Music Matters: Sabrina Fallon
The annual Concert for Carers in support of Family Carers Ireland takes place at the end of March in the Greville Arms Hotel, Mullingar. Sabrina Fallon, one of the performers, answered our ‘Music Matters’ questions.
What is your favourite album?
I suppose it would be Neil Young – he is my all time favourite artist in the world so, Silver and Gold by Neil Young, that would be my first. Probably the most profound album for me that changed my life was Alannis Morissette’s Jagged Little Pill.
What song do you wish you had written?
I wouldn’t really think that. There’s no song I wish I’d written because the artists that wrote those songs are what made them magic. I could say I’d love to write all the big hits to make all the money, but that’s not the case. I’ve written a few songs and I’m happy with them.
I don’t really wish that I wrote anybody else’s special music because it comes from their artistic heart, so no I wouldn’t take from that, no.
What song are you most proud of?
That’s easy yeah, We Walk with Love. I wrote it for my parents. They’re madly in love. I wrote it for their 50th wedding anniversary. They still hold hands and dress in the same colours and they’re madly in love… that’s 55 years on now.
Which band from any era would you love to have been a member of?
I’m always going to revert back to Neil Young. Leonard Cohen’s band as well – Leonard Cohen, Neil Young.
What’s your guiltiest musical pleasure?
When I’m pumping it in the gym, it’s always 70s and 80s. It depends on my mood, I’ll put on Lyric FM a lot at home when I’m looking to chill, it depends on what I’m doing.

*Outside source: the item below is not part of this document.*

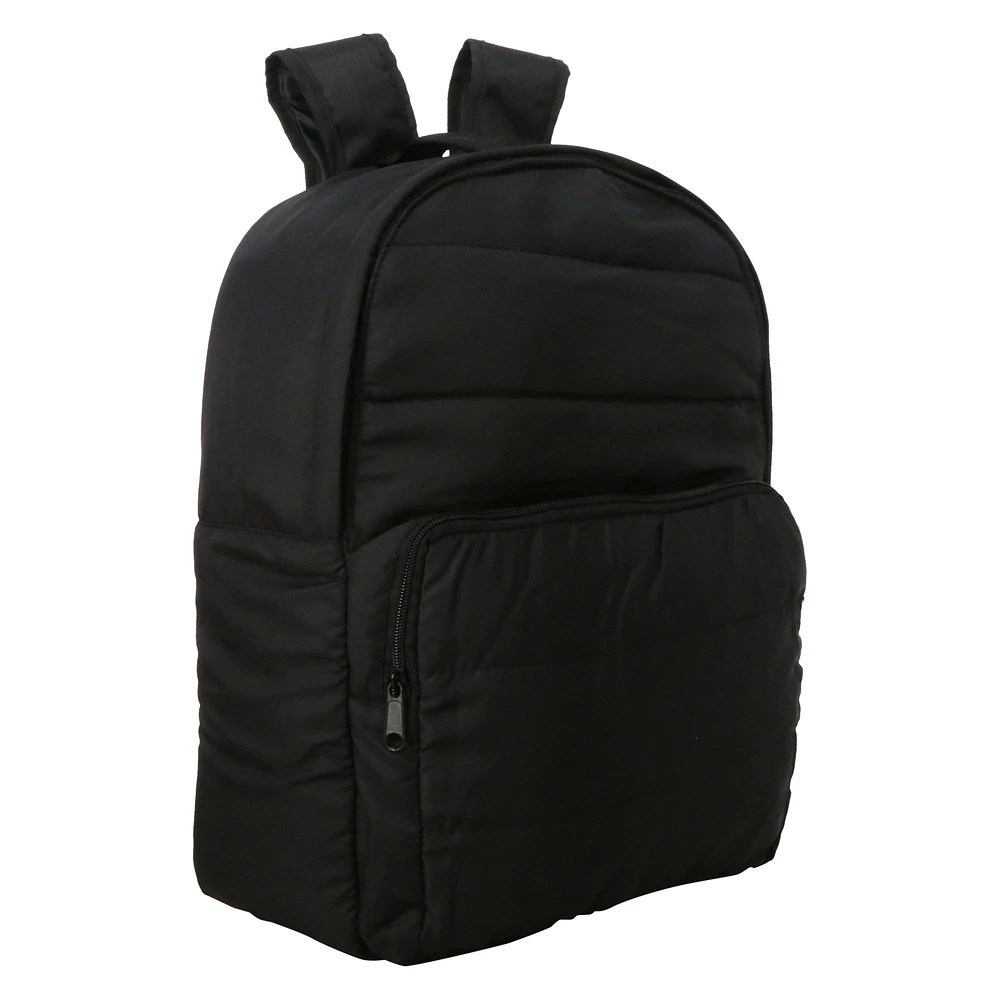 quilted backpack 16in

If I’m on a road trip with my daughter, we’re blaring out the tunes as well. We love Fleetwood Mac. So I’m not just stuck on country, I would appreciate all genres.
Most memorable gig you’ve ever been to?
Neil Young, I’m totally obsessed with him. I went to his ranch in California and tried to hop the gate and get in to him because I wrote a song and I wanted him to put a melody to it.
I was at Garth Brooks lately in Ireland and that was profound. That was magic – and Bruce Springsteen, so concerts, if we’re talking huge ones, you know, Garth Brooks and then I was at Smokie one time with my mammy and we just had a ball.
What is the most memorable gig you’ve ever played?
There’s been a few but you know what touched me in my soul, it hasn’t happened often but when my little daughter came up on stage and sang with me, that would be very special.
And also when I sang at a concert, I sang the song I wrote for my parents and they were in the audience and my dad had been really unwell for a couple of years, so it was really profound.
What is your biggest musical inspiration?
My Daddy, he’s amazing. All my family are musical, they’re all in bands and they all play. My brother would drum with Joe Dolan and my dad would have drummed with Larry Cunningham.
When I see my daddy, and I see him listening to music still and watching it, and he’s just constantly watching instruments, and watching bands.
He knows every guitar player way back in the 70s, where they’re from and who they are. He has such a passion for it.
Who is Westmeath’s greatest ever musician?
Joe Dolan. Definitely. He’s 100 miles away from anyone.
I got to meet him a few times and when you saw him get on the stage, I mean there’s something that some people have and other people just don’t have, and Joe had it in bulk.
If you could only listen to five songs for the rest of your life what would they be?
You see, I latch on to a song and I’m obsessive about listening to it.
So, Old Man, By Neil Young and Secret Life by Leonard Cohen, that just gives me goosebumps.
Silver and Gold by Neil Young as well.
I love Let the Mystery Be by Iris De Ment.
Mississippi by Bob Dylan, I guess. I love singing that.